» **Task brief**:
The required output is the line with "Vehicle underside on" and each line that follows it to the end of the entries below, copied exactly and with nothing added.

Scraped caption text data:
[Start of section]

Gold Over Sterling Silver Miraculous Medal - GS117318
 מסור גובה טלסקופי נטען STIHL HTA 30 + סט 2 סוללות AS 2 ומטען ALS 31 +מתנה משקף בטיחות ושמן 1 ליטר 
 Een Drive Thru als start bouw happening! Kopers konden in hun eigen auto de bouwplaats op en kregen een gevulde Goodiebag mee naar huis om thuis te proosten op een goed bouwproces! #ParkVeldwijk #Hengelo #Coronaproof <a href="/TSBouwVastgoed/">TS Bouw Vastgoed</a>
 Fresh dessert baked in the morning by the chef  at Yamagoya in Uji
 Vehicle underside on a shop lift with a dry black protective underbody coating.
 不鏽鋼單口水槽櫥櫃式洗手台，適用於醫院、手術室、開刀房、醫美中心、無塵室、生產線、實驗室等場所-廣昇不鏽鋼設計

[End of section]

» **Your response**:
 Vehicle underside on a shop lift with a dry black protective underbody coating.
 不鏽鋼單口水槽櫥櫃式洗手台，適用於醫院、手術室、開刀房、醫美中心、無塵室、生產線、實驗室等場所-廣昇不鏽鋼設計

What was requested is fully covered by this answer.